*** Block opens ***

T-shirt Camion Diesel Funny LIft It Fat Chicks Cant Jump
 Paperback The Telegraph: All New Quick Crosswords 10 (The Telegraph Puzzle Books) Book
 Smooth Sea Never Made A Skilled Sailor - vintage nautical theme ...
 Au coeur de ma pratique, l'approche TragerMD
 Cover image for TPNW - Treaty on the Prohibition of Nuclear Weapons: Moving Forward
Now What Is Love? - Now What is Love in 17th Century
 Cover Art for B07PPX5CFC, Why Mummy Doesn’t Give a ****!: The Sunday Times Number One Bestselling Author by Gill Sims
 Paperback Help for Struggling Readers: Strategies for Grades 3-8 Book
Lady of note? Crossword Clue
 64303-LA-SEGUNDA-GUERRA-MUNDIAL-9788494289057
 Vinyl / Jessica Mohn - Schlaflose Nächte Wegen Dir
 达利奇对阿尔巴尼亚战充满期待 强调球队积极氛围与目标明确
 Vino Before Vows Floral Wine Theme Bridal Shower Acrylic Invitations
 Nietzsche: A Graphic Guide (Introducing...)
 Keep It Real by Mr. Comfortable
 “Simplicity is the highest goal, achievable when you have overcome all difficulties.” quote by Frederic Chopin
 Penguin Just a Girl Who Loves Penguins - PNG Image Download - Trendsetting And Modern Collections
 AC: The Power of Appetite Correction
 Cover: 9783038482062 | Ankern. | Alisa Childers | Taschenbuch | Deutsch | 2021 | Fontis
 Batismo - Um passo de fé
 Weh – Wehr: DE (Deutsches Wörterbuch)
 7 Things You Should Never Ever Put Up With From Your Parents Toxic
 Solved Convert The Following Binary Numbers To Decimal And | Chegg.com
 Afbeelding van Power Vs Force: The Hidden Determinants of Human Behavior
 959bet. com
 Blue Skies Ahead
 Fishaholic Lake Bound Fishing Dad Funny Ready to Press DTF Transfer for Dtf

*** Block closes ***

### Action item
Repeat exactly the lines from the first line of the records above through the line containing "Lady of note? Crossword Clue", both included, and nothing else.

### Result of this task
T-shirt Camion Diesel Funny LIft It Fat Chicks Cant Jump
 Paperback The Telegraph: All New Quick Crosswords 10 (The Telegraph Puzzle Books) Book
 Smooth Sea Never Made A Skilled Sailor - vintage nautical theme ...
 Au coeur de ma pratique, l'approche TragerMD
 Cover image for TPNW - Treaty on the Prohibition of Nuclear Weapons: Moving Forward
Now What Is Love? - Now What is Love in 17th Century
 Cover Art for B07PPX5CFC, Why Mummy Doesn’t Give a ****!: The Sunday Times Number One Bestselling Author by Gill Sims
 Paperback Help for Struggling Readers: Strategies for Grades 3-8 Book
Lady of note? Crossword Clue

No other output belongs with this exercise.